Originally a software development methodology, Scrum can also be applied to personal development as an iterative and incremental transformation process. It defines the flexible and strategic use of the Hero’s Journey, as described by Joseph Campbell, for overcoming one’s challenges, responding to emerging requirements of the environment and adapting to ever-changing circumstances.
You get feedback about your current state throughout your daily life, whether it is directly through interactions with other people and feelings in your body or indirectly from the results you can achieve in the world and from reflection on your past experiences.
In the beginning you are oblivious to the information, you choose to ignore it or refuse to take responsibility for it.
Only when something severe happens to you, a major illness or some atrocity, will you be shocked into waking up.

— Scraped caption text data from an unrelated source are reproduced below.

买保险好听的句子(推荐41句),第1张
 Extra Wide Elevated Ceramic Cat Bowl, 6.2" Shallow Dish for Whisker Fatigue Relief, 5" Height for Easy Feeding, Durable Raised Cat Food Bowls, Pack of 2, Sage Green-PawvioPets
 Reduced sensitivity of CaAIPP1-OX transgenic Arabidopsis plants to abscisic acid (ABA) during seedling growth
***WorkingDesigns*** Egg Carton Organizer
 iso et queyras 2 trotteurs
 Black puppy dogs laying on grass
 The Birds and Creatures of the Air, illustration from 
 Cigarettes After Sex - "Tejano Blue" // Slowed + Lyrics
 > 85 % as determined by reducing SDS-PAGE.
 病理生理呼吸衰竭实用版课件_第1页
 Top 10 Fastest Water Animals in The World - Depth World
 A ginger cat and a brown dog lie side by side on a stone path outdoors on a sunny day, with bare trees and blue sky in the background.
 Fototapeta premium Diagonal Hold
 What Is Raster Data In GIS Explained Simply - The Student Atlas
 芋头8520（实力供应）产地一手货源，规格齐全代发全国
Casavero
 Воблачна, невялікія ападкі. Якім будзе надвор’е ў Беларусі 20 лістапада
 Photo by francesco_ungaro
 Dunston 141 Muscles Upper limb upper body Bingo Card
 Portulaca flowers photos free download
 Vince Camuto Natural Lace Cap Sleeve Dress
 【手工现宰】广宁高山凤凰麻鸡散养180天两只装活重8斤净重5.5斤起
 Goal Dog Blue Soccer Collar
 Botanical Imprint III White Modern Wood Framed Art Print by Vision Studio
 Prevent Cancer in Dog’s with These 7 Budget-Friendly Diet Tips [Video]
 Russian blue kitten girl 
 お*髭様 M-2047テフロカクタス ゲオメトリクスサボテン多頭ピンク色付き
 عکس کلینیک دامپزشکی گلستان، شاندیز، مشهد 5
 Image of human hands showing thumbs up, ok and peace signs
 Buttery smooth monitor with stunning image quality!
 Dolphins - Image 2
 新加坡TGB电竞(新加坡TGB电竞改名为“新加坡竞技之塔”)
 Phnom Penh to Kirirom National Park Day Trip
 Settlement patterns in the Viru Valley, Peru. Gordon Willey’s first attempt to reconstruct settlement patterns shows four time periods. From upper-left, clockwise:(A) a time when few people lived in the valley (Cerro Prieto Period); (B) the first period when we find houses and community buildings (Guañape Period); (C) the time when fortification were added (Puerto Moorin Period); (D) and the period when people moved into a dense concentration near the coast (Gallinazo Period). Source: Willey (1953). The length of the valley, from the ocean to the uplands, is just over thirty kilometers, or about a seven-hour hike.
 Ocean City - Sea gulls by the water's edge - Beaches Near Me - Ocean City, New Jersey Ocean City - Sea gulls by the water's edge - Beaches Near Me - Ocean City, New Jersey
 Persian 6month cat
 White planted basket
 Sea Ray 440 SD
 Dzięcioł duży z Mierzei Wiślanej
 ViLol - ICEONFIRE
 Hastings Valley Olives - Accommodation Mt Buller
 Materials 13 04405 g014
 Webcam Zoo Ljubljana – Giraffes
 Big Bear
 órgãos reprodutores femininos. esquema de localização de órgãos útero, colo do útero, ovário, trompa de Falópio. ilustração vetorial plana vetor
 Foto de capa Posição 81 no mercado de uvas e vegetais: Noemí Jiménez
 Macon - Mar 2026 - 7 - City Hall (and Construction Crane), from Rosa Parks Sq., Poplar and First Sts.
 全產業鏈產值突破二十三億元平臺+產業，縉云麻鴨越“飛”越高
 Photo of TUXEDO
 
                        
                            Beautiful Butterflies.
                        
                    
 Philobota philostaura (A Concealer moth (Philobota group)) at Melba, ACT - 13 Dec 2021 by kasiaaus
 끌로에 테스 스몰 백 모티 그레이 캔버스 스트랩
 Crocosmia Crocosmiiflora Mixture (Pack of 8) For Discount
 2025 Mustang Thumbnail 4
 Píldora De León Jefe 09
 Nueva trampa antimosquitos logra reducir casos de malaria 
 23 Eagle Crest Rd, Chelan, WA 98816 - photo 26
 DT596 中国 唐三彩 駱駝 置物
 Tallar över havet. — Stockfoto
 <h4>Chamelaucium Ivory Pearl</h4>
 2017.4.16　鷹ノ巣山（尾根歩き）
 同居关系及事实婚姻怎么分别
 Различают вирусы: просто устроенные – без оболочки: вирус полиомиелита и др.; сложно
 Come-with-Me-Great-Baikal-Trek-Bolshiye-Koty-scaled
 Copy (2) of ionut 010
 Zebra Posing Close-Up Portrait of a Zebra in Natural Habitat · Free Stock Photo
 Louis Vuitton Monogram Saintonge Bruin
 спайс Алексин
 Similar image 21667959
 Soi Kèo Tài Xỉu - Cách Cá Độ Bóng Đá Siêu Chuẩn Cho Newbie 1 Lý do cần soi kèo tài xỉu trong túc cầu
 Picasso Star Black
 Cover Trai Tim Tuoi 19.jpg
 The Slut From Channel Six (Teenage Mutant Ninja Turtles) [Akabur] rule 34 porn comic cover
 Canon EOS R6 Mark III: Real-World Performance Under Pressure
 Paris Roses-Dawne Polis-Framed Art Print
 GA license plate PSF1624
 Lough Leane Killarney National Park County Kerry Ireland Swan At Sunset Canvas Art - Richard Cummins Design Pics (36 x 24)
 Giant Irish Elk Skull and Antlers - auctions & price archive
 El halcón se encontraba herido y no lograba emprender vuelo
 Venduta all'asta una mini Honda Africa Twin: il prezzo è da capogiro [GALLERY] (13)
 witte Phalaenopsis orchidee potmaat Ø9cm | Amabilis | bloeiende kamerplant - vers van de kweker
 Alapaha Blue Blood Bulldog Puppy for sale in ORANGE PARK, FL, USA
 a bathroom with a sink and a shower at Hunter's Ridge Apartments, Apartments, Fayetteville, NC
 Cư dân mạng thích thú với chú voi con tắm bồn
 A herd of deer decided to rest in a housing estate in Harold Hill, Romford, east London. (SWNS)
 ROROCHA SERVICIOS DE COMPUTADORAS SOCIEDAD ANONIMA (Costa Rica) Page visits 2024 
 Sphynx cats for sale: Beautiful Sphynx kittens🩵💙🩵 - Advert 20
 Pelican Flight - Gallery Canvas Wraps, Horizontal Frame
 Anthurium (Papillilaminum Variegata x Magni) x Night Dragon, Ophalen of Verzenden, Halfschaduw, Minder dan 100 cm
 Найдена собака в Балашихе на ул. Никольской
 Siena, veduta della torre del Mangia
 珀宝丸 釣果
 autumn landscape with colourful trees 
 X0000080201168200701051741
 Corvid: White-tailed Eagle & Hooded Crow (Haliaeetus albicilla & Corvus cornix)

God has to throw a brick to get your attention.
When you go through the transformation process, your awareness grows.
Over time, you will be able to pick up subtle details and adjust your course accordingly.
God’s pebbles will then be sufficient.
With the feedback that gets through, you build up a list of all your life’s challenges.
You honestly assess yourself and map out the status quo, all of your weaknesses, sticking points and areas that do not work for you.
Your initial list will most likely be vague and only contain 1-2 points, with the thought process being:
“I just need to solve this one problem, and then everything will be fine.”
Once you are on the path of personal development, however, the list points will be increasingly concise and start to pile up.
At one point, you will come to the realization that even though you can improve yourself, you will never be a perfect human being, hence, will always have a list of challenges.
From the backlog, you choose the challenge with the greatest need for transformation and search for the best way of bringing about it.
They next challenge to take on will be practically evident.
It is either an urgent need that came up shortly before or a sticking point that has been growing within you for a while and is now ripe for the picking.
Just trust your inner-wisdom.
It is also remarkable that you will find little to no resistance to address that issue.
The journey itself comes in different forms. It is not only a trip to some exotic place but also can be a simple seminar or a change of lifestyle. It can be out in the world or just inside your head. One thing is sure it will push you far beyond your comfort zone.
You might ruminate and look at different possibilities for the quest. In all likelihood, the right experience will find you instead.
It will feel like an invitation.
Once you have decided what adventure to take, you create another list of your primary, secondary and tertiary goals.
What do you want to get out of it?
No journey will ever be as you expected it to be. So it is best to have detailed objectives in the back of your mind.
Answer the three questions for the different levels of accomplishments:
- If everything goes awry, what is the least result you expect?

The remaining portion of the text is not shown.